United States District Court, M.D. Tennessee, Nashville Division

November 30, 2017

MATTHEW HOWELL, Plaintiff,
v.
JOSEPH COX and GOVERNMENT OF FAIRVIEW, TENNESSEE, Defendants.

          MEMORANDUM OPINION

          WAVERLY D. CRENSHAW, JR. CHIEF UNITED STATES DISTRICT JUDGE

         Matthew Howell (“Howell”) brought this action against the Government of Fairview, Tennessee (“Fairview”) and Officer Joseph Cox (“Cox”), pursuant to 42 U.S.C. § 1983 and the First and Fourth Amendments to the U.S. Constitution, arising out of an arrest on July 25, 2012, and subsequent prosecution. (Doc. No. 1.) Before the Court is Defendants' Motion for Summary Judgment (Doc. No. 30); Plaintiff's Response in Opposition (Doc. No. 37); Defendants' Reply (Doc. No. 40); Defendants' Statement of Undisputed Material Facts (Doc. No. 34); Plaintiff's Response to Defendants' Statement of Undisputed Material Facts and Additional Proposed Facts (Doc. No. 38); Defendants' Response to Plaintiff's Statement of Additional Proposed Facts (Doc. No. 41); and numerous exhibits. The Motion is ripe for decision. For the following reasons, the Defendants' motion will be GRANTED.

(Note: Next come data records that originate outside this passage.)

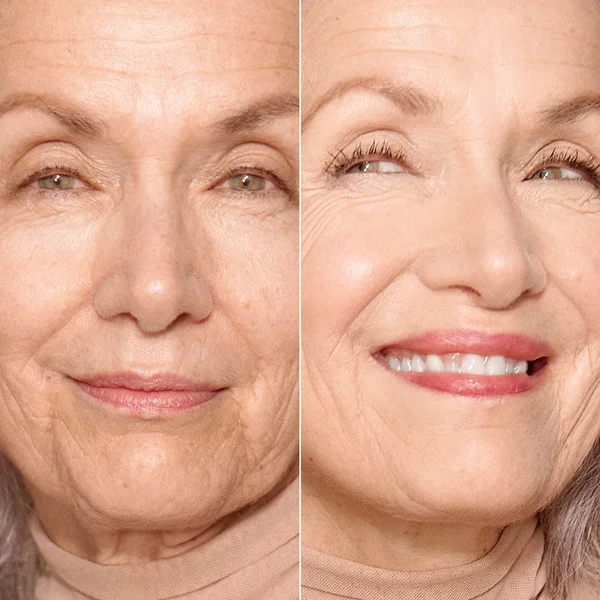 NUDESTIX Nudefix Cream Concealer 10ml (Various Shades)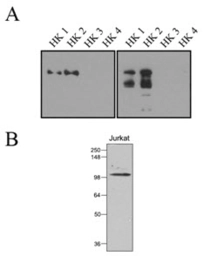 Anti-Hexokinse 1, 2 antibody [1A7] used in Western Blot (WB). GTX50052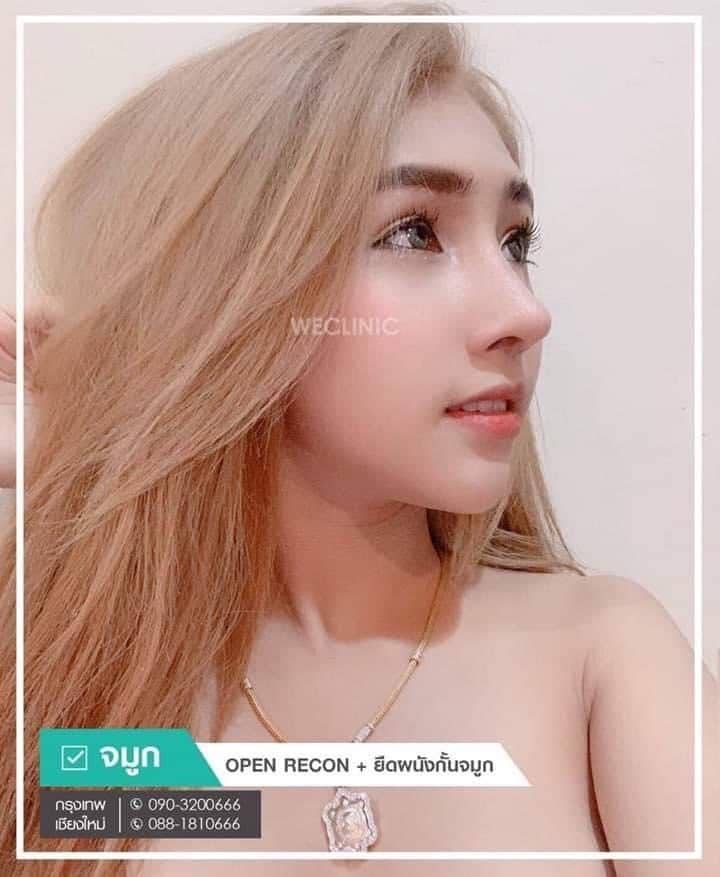 รีวิวเสริมจมูกแบบโอเพ่น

         I. UNDISPUTED FACTS

         On July 25, 2012, Fairview police officers were dispatched to a bar to respond to a report of a possible fight in progress. (Doc. No. 32-1 at 1-2.) Cox arrived and saw two men walking away from the bar. (Id. at 2.) He stopped them and asked whether they were engaged in a fight. (Id.) Howell had been drinking. (Doc. No. 31-1 at 25, 43, 87, 95-96, 101-02.) Howell confirmed to Cox that he had been in a verbal altercation with someone at the bar. (Id. at 88, 96-97, 99; Doc. No. 32-1 at 2.) According to Cox, Howell was acting aggressively and using foul language.[1] (Doc. No. 32-1 at 2.)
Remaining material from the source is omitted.